* **Instructions for the task**
The records below need to be repeated exactly, though not their pictures.

---+---

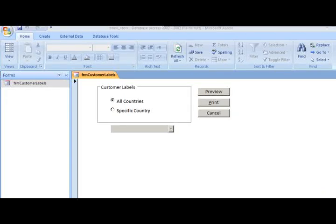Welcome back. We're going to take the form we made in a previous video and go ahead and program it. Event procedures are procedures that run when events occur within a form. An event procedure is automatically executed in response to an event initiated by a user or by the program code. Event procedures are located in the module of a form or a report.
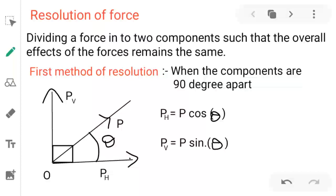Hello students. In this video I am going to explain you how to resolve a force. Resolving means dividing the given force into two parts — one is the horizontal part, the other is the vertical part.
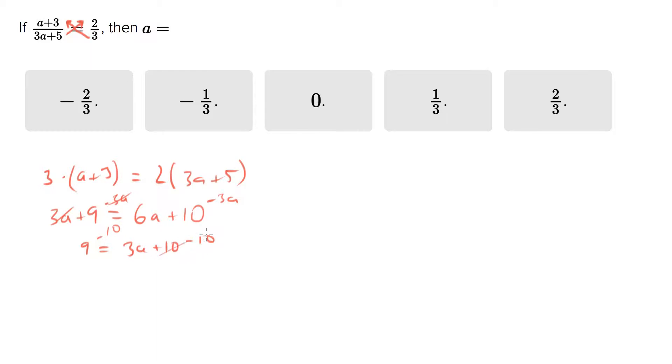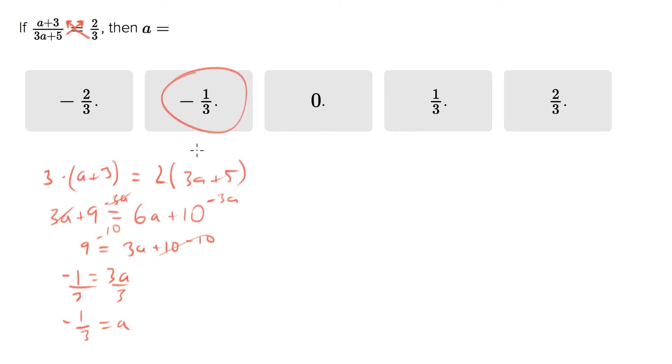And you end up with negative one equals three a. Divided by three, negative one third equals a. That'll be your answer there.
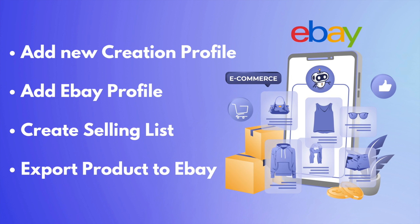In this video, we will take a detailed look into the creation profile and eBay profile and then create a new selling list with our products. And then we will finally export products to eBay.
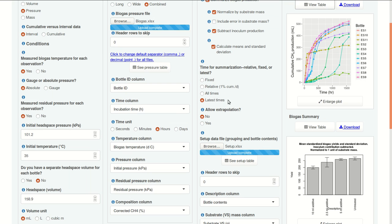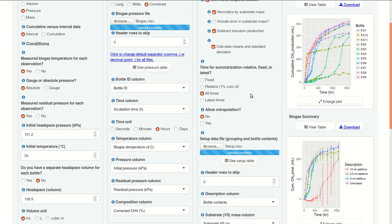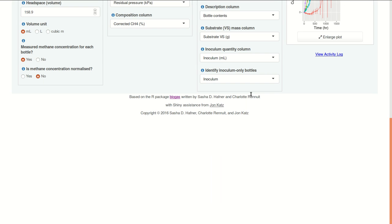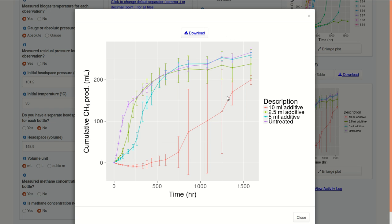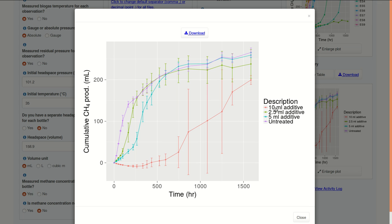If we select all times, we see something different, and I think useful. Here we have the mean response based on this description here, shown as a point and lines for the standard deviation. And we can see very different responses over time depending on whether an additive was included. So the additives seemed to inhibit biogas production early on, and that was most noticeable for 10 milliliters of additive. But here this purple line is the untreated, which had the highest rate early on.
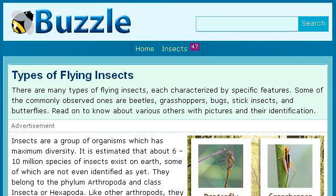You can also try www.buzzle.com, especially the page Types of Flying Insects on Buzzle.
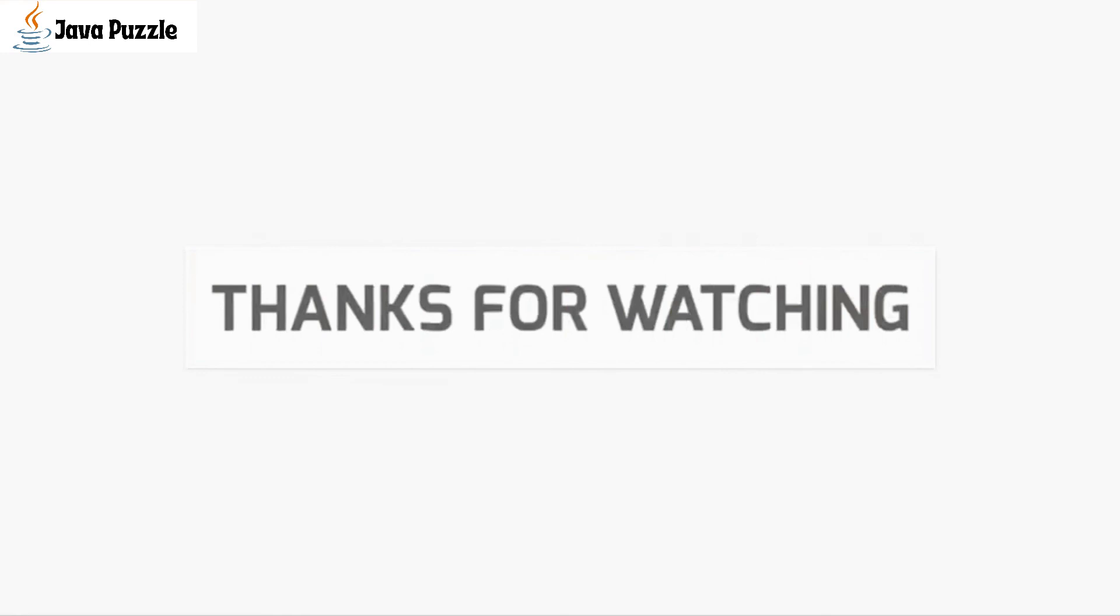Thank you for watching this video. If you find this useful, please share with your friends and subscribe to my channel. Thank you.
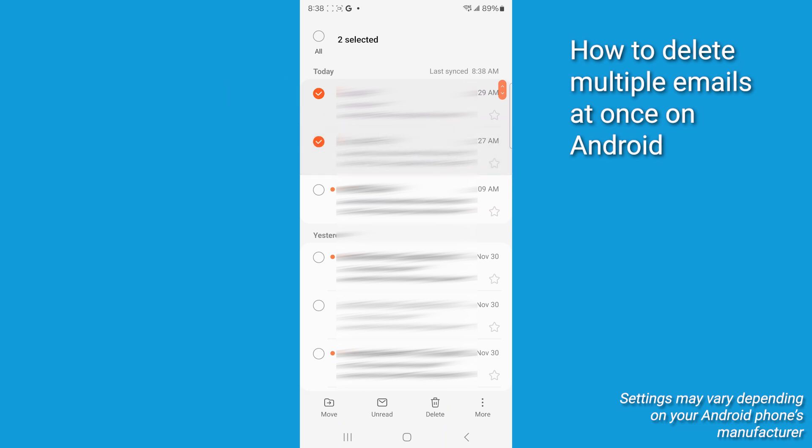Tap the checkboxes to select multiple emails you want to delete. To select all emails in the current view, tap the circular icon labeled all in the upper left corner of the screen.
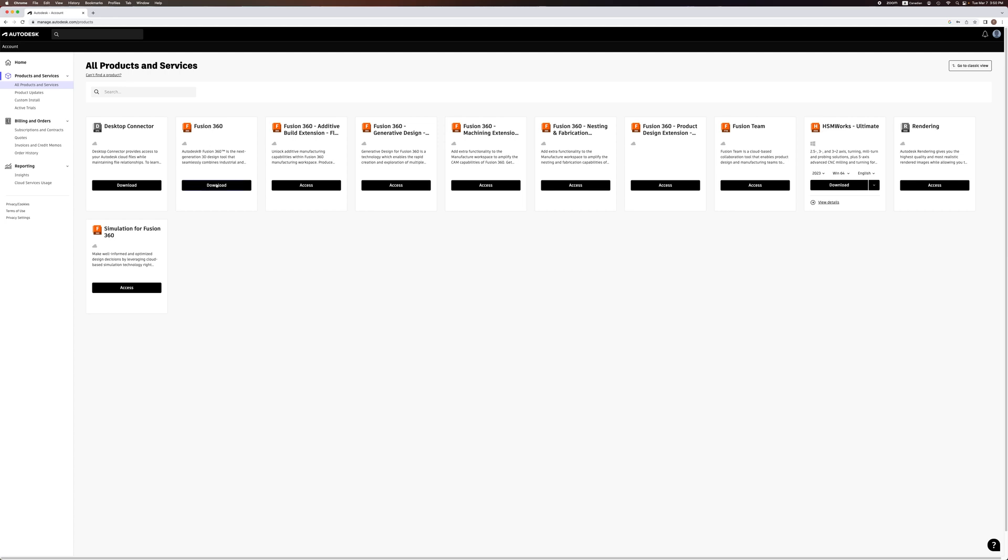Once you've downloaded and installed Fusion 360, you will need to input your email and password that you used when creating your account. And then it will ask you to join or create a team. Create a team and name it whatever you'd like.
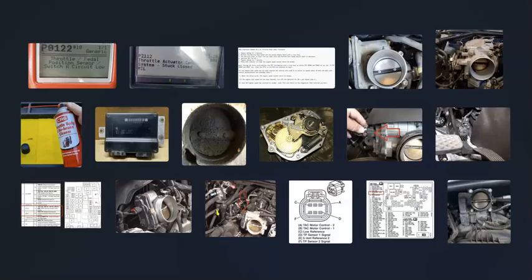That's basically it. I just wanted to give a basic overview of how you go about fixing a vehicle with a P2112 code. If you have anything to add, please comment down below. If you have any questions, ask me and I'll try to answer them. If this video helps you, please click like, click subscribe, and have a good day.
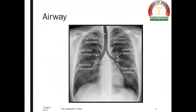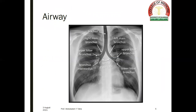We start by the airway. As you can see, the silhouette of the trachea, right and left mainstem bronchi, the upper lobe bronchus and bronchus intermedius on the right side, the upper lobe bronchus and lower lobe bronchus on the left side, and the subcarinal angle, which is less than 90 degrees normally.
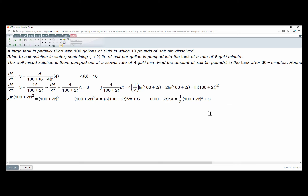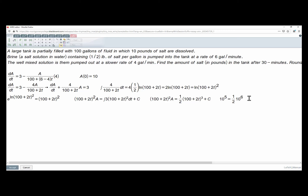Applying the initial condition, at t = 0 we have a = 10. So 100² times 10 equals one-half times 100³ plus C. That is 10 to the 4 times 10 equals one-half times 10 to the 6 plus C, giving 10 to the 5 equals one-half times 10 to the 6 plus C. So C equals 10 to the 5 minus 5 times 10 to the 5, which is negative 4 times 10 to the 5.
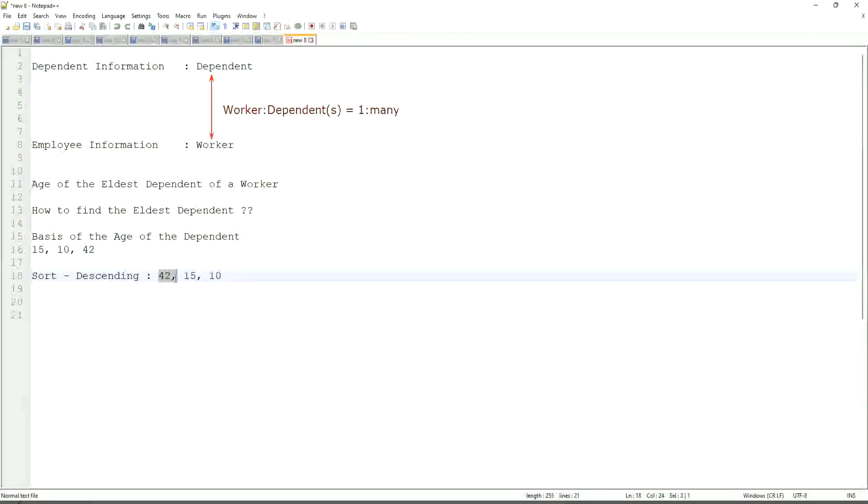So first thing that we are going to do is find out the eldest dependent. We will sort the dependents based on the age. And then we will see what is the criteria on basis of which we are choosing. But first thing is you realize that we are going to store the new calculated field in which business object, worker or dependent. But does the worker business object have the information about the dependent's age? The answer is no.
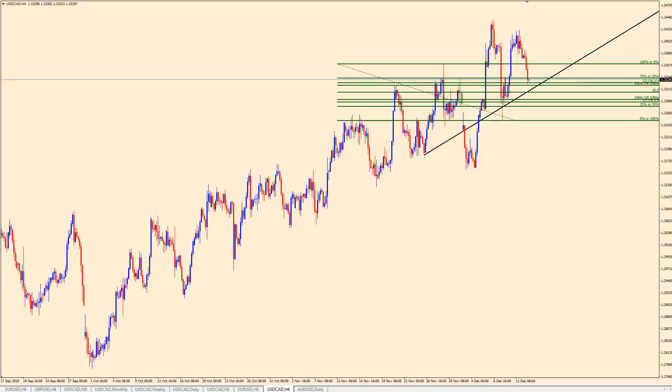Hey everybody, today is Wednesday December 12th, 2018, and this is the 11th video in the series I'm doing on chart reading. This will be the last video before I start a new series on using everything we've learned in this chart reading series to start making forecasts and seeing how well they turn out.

---+---

* **Answer below**
Welcome back. We're going to take the form we made in a previous video and go ahead and program it. Event procedures are procedures that run when events occur within a form. An event procedure is automatically executed in response to an event initiated by a user or by the program code. Event procedures are located in the module of a form or a report.
Hello students. In this video I am going to explain you how to resolve a force. Resolving means dividing the given force into two parts — one is the horizontal part, the other is the vertical part.
And you end up with negative one equals three a. Divided by three, negative one third equals a. That'll be your answer there.
In this video, we will take a detailed look into the creation profile and eBay profile and then create a new selling list with our products. And then we will finally export products to eBay.
If we select all times, we see something different, and I think useful. Here we have the mean response based on this description here, shown as a point and lines for the standard deviation. And we can see very different responses over time depending on whether an additive was included. So the additives seemed to inhibit biogas production early on, and that was most noticeable for 10 milliliters of additive. But here this purple line is the untreated, which had the highest rate early on.
You can also try www.buzzle.com, especially the page Types of Flying Insects on Buzzle.
Thank you for watching this video. If you find this useful, please share with your friends and subscribe to my channel. Thank you.
Tap the checkboxes to select multiple emails you want to delete. To select all emails in the current view, tap the circular icon labeled all in the upper left corner of the screen.
Once you've downloaded and installed Fusion 360, you will need to input your email and password that you used when creating your account. And then it will ask you to join or create a team. Create a team and name it whatever you'd like.
That's basically it. I just wanted to give a basic overview of how you go about fixing a vehicle with a P2112 code. If you have anything to add, please comment down below. If you have any questions, ask me and I'll try to answer them. If this video helps you, please click like, click subscribe, and have a good day.
We start by the airway. As you can see, the silhouette of the trachea, right and left mainstem bronchi, the upper lobe bronchus and bronchus intermedius on the right side, the upper lobe bronchus and lower lobe bronchus on the left side, and the subcarinal angle, which is less than 90 degrees normally.
Applying the initial condition, at t = 0 we have a = 10. So 100² times 10 equals one-half times 100³ plus C. That is 10 to the 4 times 10 equals one-half times 10 to the 6 plus C, giving 10 to the 5 equals one-half times 10 to the 6 plus C. So C equals 10 to the 5 minus 5 times 10 to the 5, which is negative 4 times 10 to the 5.
So first thing that we are going to do is find out the eldest dependent. We will sort the dependents based on the age. And then we will see what is the criteria on basis of which we are choosing. But first thing is you realize that we are going to store the new calculated field in which business object, worker or dependent. But does the worker business object have the information about the dependent's age? The answer is no.
Hey everybody, today is Wednesday December 12th, 2018, and this is the 11th video in the series I'm doing on chart reading. This will be the last video before I start a new series on using everything we've learned in this chart reading series to start making forecasts and seeing how well they turn out.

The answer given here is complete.